Extracted entries section start

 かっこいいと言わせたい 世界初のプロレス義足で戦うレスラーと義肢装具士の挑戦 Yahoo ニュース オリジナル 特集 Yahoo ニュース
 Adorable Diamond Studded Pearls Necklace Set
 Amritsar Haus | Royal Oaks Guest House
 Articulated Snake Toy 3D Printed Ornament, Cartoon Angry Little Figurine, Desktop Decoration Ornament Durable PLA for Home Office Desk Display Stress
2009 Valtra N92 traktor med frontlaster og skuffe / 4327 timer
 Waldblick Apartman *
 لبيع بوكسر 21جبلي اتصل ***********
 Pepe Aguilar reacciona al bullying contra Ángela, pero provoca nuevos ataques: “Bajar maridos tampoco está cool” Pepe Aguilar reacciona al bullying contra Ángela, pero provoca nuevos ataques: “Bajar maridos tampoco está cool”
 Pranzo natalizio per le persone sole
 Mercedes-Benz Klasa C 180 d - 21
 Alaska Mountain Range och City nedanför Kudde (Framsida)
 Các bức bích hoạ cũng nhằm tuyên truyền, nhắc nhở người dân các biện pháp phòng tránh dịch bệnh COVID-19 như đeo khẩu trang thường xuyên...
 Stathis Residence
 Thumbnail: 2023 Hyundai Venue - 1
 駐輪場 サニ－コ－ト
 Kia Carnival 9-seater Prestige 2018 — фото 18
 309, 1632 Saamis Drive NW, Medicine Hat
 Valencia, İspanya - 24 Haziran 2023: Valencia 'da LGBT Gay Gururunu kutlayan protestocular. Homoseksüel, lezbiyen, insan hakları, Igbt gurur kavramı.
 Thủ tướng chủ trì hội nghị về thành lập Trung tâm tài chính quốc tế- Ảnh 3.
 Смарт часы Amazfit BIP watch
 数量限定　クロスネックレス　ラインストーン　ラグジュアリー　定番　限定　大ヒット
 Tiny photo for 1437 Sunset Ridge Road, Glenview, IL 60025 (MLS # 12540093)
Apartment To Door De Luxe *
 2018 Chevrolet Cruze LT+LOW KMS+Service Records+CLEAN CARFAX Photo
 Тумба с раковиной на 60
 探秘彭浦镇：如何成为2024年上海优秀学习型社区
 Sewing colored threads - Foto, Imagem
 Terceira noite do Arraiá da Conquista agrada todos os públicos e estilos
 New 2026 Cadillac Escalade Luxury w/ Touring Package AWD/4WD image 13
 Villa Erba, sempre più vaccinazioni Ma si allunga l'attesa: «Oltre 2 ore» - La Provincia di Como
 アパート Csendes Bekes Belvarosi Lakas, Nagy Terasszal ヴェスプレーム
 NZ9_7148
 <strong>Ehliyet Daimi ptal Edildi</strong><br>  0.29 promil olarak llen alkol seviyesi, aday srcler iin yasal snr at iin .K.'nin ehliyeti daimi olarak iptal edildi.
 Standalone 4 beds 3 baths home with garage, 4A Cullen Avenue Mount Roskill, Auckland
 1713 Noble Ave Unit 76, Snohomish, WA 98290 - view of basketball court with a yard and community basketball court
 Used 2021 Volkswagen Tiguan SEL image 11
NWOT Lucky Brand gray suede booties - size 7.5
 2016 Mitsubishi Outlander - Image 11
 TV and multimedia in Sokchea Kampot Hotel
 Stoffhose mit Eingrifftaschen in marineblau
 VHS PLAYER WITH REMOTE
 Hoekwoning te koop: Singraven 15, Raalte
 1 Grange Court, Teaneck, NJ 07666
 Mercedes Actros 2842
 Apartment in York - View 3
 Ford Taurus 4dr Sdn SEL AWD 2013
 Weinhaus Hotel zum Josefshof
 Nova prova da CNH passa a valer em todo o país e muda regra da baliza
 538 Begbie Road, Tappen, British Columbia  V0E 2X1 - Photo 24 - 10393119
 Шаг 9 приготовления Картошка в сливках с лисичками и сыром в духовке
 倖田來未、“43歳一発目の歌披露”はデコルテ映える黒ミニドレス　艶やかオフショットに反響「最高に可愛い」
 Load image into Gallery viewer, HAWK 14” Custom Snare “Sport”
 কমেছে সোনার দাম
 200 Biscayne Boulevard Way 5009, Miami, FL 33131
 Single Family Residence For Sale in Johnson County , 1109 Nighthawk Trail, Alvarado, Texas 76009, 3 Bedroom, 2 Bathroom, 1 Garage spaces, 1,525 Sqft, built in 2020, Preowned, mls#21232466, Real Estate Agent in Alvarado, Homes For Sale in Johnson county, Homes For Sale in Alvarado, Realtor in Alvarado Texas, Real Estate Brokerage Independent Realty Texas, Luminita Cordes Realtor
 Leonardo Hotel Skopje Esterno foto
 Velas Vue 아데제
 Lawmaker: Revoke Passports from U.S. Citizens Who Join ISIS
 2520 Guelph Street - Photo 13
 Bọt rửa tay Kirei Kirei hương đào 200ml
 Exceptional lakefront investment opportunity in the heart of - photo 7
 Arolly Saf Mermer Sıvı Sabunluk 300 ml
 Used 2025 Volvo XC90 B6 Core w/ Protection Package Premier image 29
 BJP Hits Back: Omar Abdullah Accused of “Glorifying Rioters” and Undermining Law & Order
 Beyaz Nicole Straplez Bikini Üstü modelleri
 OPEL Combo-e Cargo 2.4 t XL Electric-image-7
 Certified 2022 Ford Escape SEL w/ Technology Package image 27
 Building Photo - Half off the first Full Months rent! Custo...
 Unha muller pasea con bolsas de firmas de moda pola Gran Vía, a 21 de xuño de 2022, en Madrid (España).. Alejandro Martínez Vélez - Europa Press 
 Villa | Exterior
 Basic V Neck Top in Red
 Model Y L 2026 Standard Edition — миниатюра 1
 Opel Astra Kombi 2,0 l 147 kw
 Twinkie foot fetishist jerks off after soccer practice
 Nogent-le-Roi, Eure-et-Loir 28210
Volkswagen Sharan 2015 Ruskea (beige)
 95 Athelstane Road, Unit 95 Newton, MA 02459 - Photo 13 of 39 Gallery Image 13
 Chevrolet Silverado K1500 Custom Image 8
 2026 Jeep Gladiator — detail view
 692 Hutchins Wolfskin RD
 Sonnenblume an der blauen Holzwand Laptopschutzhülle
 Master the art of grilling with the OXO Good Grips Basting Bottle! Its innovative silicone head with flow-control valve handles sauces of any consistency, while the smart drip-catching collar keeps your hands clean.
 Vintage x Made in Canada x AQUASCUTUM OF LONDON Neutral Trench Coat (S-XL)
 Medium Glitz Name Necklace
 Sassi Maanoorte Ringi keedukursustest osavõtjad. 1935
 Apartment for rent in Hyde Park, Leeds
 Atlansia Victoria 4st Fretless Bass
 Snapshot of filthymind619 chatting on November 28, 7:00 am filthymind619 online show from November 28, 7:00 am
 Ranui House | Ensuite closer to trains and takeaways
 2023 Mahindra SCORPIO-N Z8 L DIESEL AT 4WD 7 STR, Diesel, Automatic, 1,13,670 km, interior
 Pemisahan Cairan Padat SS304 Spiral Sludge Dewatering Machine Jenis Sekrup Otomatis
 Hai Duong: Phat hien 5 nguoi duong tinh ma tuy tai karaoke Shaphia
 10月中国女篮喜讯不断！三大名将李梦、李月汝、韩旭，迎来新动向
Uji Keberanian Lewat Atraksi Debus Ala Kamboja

Extracted entries section end

▶ [Prompt]: Would you please return every line in the listing where "from" shows up?

▶ [Exercise response]:
 Lawmaker: Revoke Passports from U.S. Citizens Who Join ISIS
 Snapshot of filthymind619 chatting on November 28, 7:00 am filthymind619 online show from November 28, 7:00 am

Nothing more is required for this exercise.